The application was built and initially ran in a Windows 10 computer. The python packages were all installed through the Anaconda package manager. The python version and packages used to run the application appear below:
- Python 3.9
- PyMOL 2.4.1
- pywget 0.31
- wget 3.2
- tmalign 20170708
- pymol-psico 3.4.19
- lxml 4.8.0
Note: Newer versions of these packages should be functional as long as they are inter-compatible, including the open-source version of PyMOL.
Aside of the package dependencies, the application is using two precompiled files that are based on the SIFTS residue-level mapping between the UniProt sequence and the PDB structure.
uniprot_segments_observed_REVERSE_SPnum.bin
uniprot_segments_observed_dict.bin
These files need to be generated by prepare.py
before running the main script apoholo.py
.
for Windows 10 64bit OS
For Windows 10 64-bit version, miniconda3-py3.9.7 (here, Conda 4.11.0 Python 3.9.7) was installed. https://repo.anaconda.com/miniconda/Miniconda3-latest-Windows-x86_64.exe
Click the Start menu and run “Anaconda Prompt (miniconda3)” “as administrator”.
conda create -n ahoj # Create a virtual environment named ahoj
conda activate ahoj # Activate the new environment
conda install -c conda-forge pip numpy pmw
conda install -c anaconda pywget
conda install -c speleo3 tmalign
conda install -c speleo3 pymol-psico
conda install -c conda-forge rich pytest-sugar
conda install -c conda-forge lxml
There are several pre-compiled Open-source PyMOL distributions from "Christoph Gohlke of the Laboratory for Fluorescence Dynamics, University of California, Irvine": https://www.lfd.uci.edu/~gohlke/pythonlibs/#pymol-open-source Here, we use the following files:
pymol‑2.5.0‑cp39‑cp39‑win_amd64.whl
pymol_launcher-2.1-cp39-cp39-win_amd64.whl
In the conda ahoj
environment, navigate to the download directory (e.g., C:\Downloads
)
- Enter the downloads directory (
cd Downloads
) - Install pymol_launcher (PyMOL will be installed automatically)

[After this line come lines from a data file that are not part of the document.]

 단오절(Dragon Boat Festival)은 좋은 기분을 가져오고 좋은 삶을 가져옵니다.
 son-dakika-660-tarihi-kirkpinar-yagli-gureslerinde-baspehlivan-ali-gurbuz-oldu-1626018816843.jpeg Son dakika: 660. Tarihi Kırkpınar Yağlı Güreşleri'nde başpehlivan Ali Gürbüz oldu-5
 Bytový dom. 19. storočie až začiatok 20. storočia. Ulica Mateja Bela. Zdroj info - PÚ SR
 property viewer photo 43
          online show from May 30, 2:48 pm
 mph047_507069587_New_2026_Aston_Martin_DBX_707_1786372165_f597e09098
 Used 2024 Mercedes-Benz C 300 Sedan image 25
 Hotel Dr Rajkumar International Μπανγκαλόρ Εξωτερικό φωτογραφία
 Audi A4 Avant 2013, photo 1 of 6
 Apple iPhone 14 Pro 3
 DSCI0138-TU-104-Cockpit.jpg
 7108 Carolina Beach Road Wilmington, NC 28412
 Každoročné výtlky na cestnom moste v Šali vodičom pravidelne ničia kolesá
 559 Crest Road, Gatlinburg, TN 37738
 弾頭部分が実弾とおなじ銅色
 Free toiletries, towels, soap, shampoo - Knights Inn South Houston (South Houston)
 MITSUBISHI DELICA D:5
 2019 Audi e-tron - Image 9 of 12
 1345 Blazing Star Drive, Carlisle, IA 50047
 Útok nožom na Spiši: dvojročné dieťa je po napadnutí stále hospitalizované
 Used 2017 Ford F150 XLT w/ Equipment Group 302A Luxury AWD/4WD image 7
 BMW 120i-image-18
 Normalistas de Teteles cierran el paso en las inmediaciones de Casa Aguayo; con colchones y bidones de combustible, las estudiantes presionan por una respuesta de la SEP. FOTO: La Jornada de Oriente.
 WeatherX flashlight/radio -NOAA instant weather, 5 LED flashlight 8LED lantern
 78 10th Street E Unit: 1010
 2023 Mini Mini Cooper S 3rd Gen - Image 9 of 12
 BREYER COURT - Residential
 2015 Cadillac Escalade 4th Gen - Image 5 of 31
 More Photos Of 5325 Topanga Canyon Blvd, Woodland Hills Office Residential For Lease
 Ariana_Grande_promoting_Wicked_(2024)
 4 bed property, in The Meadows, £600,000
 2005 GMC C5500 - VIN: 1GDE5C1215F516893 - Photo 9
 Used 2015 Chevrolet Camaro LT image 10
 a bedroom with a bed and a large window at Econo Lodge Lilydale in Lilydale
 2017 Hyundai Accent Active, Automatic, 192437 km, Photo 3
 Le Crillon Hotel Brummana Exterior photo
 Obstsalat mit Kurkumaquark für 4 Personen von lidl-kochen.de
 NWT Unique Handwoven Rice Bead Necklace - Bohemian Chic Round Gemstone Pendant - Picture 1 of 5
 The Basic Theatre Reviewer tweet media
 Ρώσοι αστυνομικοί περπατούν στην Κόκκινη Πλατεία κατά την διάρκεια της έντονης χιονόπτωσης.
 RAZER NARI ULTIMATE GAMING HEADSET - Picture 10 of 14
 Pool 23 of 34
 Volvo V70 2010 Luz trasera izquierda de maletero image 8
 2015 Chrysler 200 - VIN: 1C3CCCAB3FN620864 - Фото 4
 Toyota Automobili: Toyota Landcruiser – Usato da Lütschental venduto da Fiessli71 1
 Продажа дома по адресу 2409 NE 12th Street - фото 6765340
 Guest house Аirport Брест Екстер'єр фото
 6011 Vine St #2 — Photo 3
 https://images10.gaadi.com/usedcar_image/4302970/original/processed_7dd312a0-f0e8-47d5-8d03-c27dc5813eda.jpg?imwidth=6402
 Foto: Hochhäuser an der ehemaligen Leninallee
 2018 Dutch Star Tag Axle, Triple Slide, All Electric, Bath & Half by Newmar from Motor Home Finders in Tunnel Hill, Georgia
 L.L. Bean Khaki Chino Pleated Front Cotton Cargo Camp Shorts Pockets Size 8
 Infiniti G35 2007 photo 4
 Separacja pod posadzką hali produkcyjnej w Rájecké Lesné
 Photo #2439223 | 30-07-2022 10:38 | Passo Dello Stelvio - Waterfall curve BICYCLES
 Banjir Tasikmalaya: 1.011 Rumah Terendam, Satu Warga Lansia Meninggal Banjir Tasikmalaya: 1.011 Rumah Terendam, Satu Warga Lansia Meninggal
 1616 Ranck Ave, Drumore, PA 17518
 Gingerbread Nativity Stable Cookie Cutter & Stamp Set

pip install --no-index --find-links="%CD%" pymol_launcher-2.1-cp39-cp39-win_amd64.whl
To update PyMOL later, run
pip install --upgrade --no-deps pymol-2.5.0-cp39-cp39-win_amd64.whl
Clean installation on Windows using conda
(Miniconda3) package manager.
- Install conda manually with installer https://repo.anaconda.com/miniconda/Miniconda3-latest-Windows-x86_64.exe
- Execute the following commands in cmd or PowerShell:
# clone repo
git clone [email protected]:ioChris/AHoJ.git && cd AHoJ
# init conda env
conda env create -f conda-env.yml
conda activate ahoj
# prepare
python prepare.py
# test
pytest -v
# use
python apoholo.py --query "1a73 A,B ZN"
Tested on Windows 10.
Clean installation on Linux using conda
(Miniconda3) package manager.
# install conda
wget https://repo.anaconda.com/miniconda/Miniconda3-py39_4.11.0-Linux-x86_64.sh
bash Miniconda3-py39_4.11.0-Linux-x86_64.sh -b && bash
# clone repo
git clone [email protected]:ioChris/AHoJ.git && cd AHoJ
# init conda env
# to remove env: conda deactivate && conda env remove -n ahoj
conda env create -f conda-env.yml
conda activate ahoj
# prepare
python prepare.py
# test
pytest -v
# use
python apoholo.py --query "1a73 A,B ZN"
Tested on Ubuntu 21.10 and Debian 9.
The application consists of the main script apoholo.py
and a helper script that downloads a UniProt-PDB chain mapping file and compiles 2 helper files: prepare.py
.
Before the main script is run, the helper script must be run so that the UniProt file is downloaded, and the helper files are compiled and saved to the designated folder of the server. After the first run, the helper script should be run once a week to update the existing UniProt files. The script replaces the old files automatically.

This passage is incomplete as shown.